**AVAILABLE DATA**:
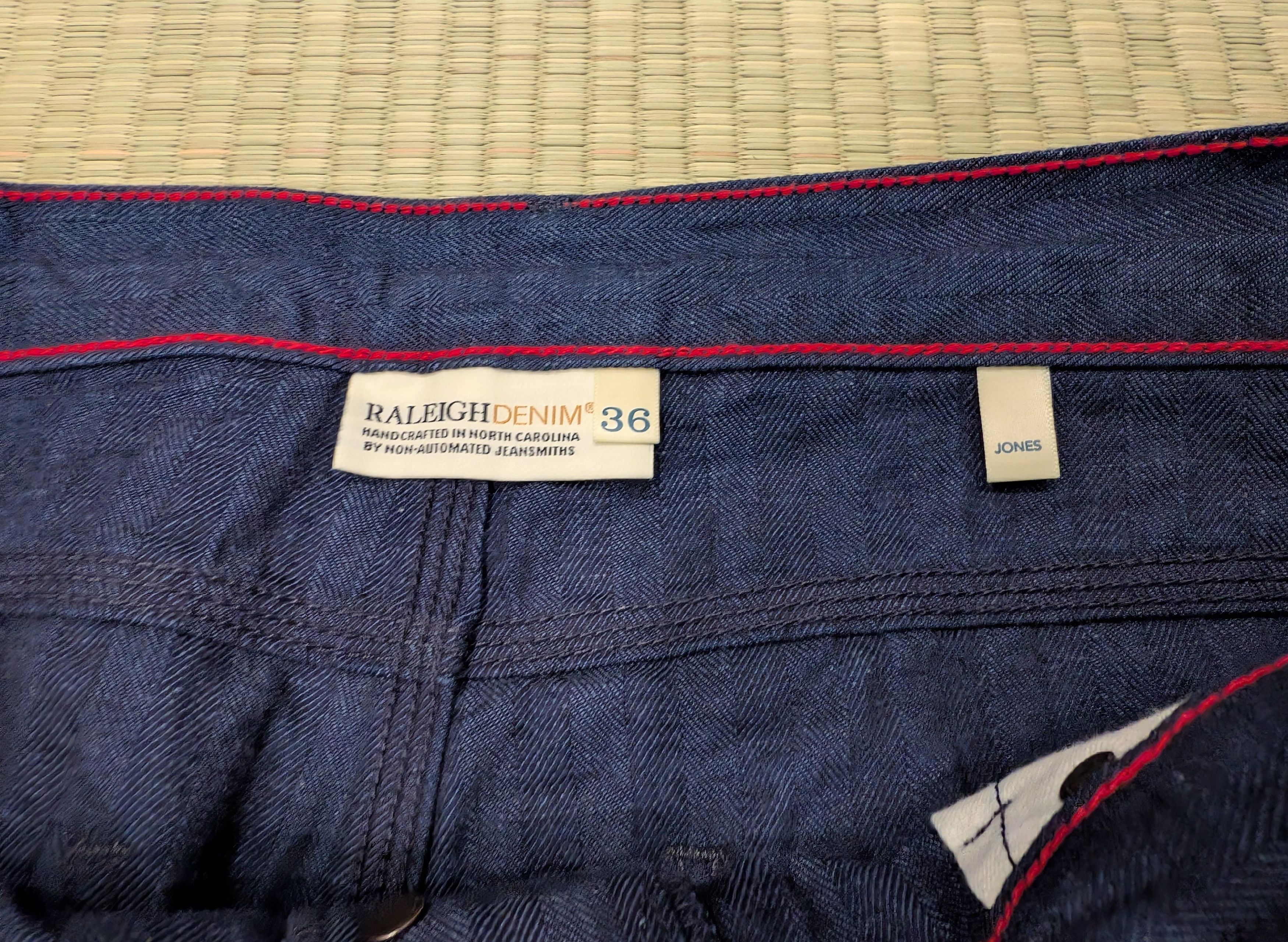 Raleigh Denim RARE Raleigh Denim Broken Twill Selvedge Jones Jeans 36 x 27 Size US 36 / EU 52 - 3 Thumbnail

* * *

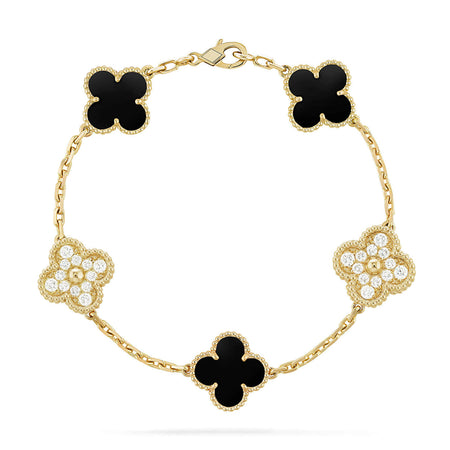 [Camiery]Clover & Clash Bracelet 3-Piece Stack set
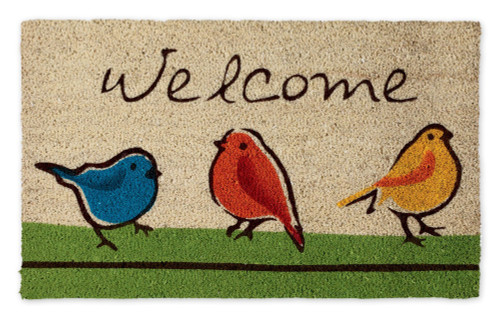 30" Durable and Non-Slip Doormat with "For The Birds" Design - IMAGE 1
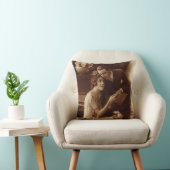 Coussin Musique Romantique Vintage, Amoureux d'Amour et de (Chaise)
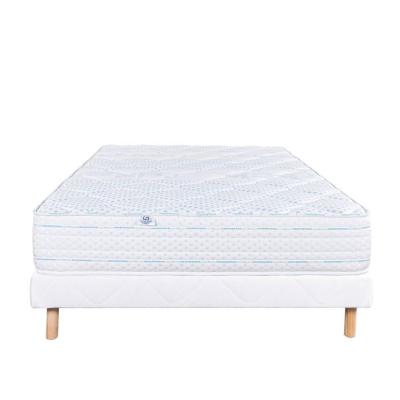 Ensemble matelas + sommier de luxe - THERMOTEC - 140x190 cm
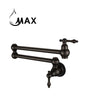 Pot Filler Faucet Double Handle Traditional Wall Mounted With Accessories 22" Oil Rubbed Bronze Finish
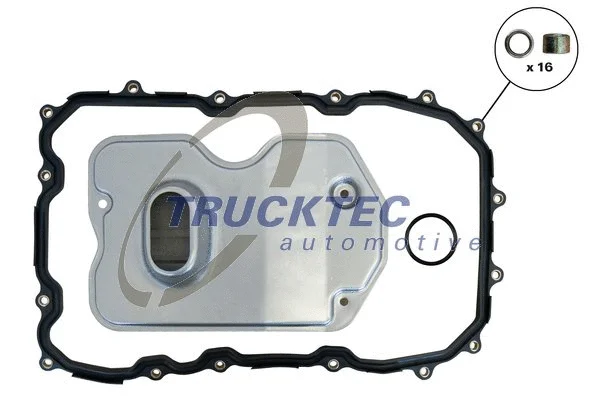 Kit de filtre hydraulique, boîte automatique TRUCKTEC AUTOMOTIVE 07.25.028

* * *

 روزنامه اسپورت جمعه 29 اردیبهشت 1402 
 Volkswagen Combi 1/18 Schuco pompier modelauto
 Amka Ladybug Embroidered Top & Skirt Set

**WHAT NEEDS TO BE DONE**: Using the listing above, copy exactly the line that contains "Volkswagen Combi 1/18", the line that contains "Amka Ladybug Embroidered Top & Skirt Set", and each line that falls between them.

**REPLY TO THE EXERCISE**:
 Volkswagen Combi 1/18 Schuco pompier modelauto
 Amka Ladybug Embroidered Top & Skirt Set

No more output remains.